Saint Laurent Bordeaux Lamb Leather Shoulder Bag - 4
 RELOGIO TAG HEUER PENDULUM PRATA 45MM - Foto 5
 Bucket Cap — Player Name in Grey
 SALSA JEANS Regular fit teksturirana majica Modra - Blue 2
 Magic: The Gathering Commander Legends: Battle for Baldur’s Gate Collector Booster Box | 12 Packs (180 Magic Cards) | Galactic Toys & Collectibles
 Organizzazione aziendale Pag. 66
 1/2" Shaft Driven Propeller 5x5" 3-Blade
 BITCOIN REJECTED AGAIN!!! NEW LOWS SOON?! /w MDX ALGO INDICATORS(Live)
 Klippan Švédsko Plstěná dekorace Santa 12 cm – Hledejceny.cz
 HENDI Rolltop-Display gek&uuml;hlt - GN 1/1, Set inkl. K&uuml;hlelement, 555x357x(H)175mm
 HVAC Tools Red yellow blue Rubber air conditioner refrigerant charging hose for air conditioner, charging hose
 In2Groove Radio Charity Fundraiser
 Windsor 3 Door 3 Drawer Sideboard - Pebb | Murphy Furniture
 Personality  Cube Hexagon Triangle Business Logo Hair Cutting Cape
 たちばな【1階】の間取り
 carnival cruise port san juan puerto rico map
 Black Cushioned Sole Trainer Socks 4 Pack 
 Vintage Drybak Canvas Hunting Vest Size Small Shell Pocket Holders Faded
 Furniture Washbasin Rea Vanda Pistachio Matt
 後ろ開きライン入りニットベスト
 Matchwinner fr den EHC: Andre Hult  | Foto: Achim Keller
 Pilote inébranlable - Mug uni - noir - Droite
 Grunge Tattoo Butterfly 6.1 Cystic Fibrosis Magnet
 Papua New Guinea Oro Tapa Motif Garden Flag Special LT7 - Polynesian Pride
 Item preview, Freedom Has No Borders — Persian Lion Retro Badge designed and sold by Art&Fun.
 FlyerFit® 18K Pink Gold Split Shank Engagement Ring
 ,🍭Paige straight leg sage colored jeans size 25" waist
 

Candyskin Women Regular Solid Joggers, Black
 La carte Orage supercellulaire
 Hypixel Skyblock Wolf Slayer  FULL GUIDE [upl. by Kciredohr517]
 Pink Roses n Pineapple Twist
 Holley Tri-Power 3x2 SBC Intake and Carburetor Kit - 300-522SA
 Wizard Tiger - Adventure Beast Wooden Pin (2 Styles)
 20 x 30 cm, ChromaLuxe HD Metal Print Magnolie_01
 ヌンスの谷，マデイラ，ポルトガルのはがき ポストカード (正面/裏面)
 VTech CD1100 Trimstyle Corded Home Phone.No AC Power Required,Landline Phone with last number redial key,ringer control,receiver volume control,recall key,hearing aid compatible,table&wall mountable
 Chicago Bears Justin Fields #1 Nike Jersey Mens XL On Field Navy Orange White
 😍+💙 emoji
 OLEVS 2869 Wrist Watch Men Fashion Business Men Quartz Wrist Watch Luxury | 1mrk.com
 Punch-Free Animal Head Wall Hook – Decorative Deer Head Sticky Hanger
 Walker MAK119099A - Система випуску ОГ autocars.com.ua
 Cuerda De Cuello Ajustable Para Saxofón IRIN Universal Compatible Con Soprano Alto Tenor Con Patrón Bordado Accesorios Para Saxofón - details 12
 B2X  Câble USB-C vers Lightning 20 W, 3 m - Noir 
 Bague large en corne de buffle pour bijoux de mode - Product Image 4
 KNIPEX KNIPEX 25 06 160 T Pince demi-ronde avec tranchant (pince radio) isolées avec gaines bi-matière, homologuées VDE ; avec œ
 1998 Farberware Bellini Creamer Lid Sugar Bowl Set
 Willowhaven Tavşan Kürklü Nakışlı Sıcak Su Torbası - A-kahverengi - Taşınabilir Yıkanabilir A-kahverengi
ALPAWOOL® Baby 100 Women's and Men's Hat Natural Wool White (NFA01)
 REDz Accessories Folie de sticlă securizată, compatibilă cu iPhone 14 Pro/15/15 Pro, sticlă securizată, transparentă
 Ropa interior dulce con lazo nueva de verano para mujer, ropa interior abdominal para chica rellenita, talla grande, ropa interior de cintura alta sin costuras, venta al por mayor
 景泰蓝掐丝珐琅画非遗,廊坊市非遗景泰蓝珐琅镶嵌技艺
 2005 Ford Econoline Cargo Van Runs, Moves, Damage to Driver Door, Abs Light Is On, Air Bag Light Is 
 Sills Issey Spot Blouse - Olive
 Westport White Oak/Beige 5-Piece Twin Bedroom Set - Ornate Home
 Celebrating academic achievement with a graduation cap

****

All the entries should be written out again precisely.

Output for this exercise
Saint Laurent Bordeaux Lamb Leather Shoulder Bag - 4
 RELOGIO TAG HEUER PENDULUM PRATA 45MM - Foto 5
 Bucket Cap — Player Name in Grey
 SALSA JEANS Regular fit teksturirana majica Modra - Blue 2
 Magic: The Gathering Commander Legends: Battle for Baldur’s Gate Collector Booster Box | 12 Packs (180 Magic Cards) | Galactic Toys & Collectibles
 Organizzazione aziendale Pag. 66
 1/2" Shaft Driven Propeller 5x5" 3-Blade
 BITCOIN REJECTED AGAIN!!! NEW LOWS SOON?! /w MDX ALGO INDICATORS(Live)
 Klippan Švédsko Plstěná dekorace Santa 12 cm – Hledejceny.cz
 HENDI Rolltop-Display gek&uuml;hlt - GN 1/1, Set inkl. K&uuml;hlelement, 555x357x(H)175mm
 HVAC Tools Red yellow blue Rubber air conditioner refrigerant charging hose for air conditioner, charging hose
 In2Groove Radio Charity Fundraiser
 Windsor 3 Door 3 Drawer Sideboard - Pebb | Murphy Furniture
 Personality  Cube Hexagon Triangle Business Logo Hair Cutting Cape
 たちばな【1階】の間取り
 carnival cruise port san juan puerto rico map
 Black Cushioned Sole Trainer Socks 4 Pack 
 Vintage Drybak Canvas Hunting Vest Size Small Shell Pocket Holders Faded
 Furniture Washbasin Rea Vanda Pistachio Matt
 後ろ開きライン入りニットベスト
 Matchwinner fr den EHC: Andre Hult  | Foto: Achim Keller
 Pilote inébranlable - Mug uni - noir - Droite
 Grunge Tattoo Butterfly 6.1 Cystic Fibrosis Magnet
 Papua New Guinea Oro Tapa Motif Garden Flag Special LT7 - Polynesian Pride
 Item preview, Freedom Has No Borders — Persian Lion Retro Badge designed and sold by Art&Fun.
 FlyerFit® 18K Pink Gold Split Shank Engagement Ring
 ,🍭Paige straight leg sage colored jeans size 25" waist
 

Candyskin Women Regular Solid Joggers, Black
 La carte Orage supercellulaire
 Hypixel Skyblock Wolf Slayer  FULL GUIDE [upl. by Kciredohr517]
 Pink Roses n Pineapple Twist
 Holley Tri-Power 3x2 SBC Intake and Carburetor Kit - 300-522SA
 Wizard Tiger - Adventure Beast Wooden Pin (2 Styles)
 20 x 30 cm, ChromaLuxe HD Metal Print Magnolie_01
 ヌンスの谷，マデイラ，ポルトガルのはがき ポストカード (正面/裏面)
 VTech CD1100 Trimstyle Corded Home Phone.No AC Power Required,Landline Phone with last number redial key,ringer control,receiver volume control,recall key,hearing aid compatible,table&wall mountable
 Chicago Bears Justin Fields #1 Nike Jersey Mens XL On Field Navy Orange White
 😍+💙 emoji
 OLEVS 2869 Wrist Watch Men Fashion Business Men Quartz Wrist Watch Luxury | 1mrk.com
 Punch-Free Animal Head Wall Hook – Decorative Deer Head Sticky Hanger
 Walker MAK119099A - Система випуску ОГ autocars.com.ua
 Cuerda De Cuello Ajustable Para Saxofón IRIN Universal Compatible Con Soprano Alto Tenor Con Patrón Bordado Accesorios Para Saxofón - details 12
 B2X  Câble USB-C vers Lightning 20 W, 3 m - Noir 
 Bague large en corne de buffle pour bijoux de mode - Product Image 4
 KNIPEX KNIPEX 25 06 160 T Pince demi-ronde avec tranchant (pince radio) isolées avec gaines bi-matière, homologuées VDE ; avec œ
 1998 Farberware Bellini Creamer Lid Sugar Bowl Set
 Willowhaven Tavşan Kürklü Nakışlı Sıcak Su Torbası - A-kahverengi - Taşınabilir Yıkanabilir A-kahverengi
ALPAWOOL® Baby 100 Women's and Men's Hat Natural Wool White (NFA01)
 REDz Accessories Folie de sticlă securizată, compatibilă cu iPhone 14 Pro/15/15 Pro, sticlă securizată, transparentă
 Ropa interior dulce con lazo nueva de verano para mujer, ropa interior abdominal para chica rellenita, talla grande, ropa interior de cintura alta sin costuras, venta al por mayor
 景泰蓝掐丝珐琅画非遗,廊坊市非遗景泰蓝珐琅镶嵌技艺
 2005 Ford Econoline Cargo Van Runs, Moves, Damage to Driver Door, Abs Light Is On, Air Bag Light Is 
 Sills Issey Spot Blouse - Olive
 Westport White Oak/Beige 5-Piece Twin Bedroom Set - Ornate Home
 Celebrating academic achievement with a graduation cap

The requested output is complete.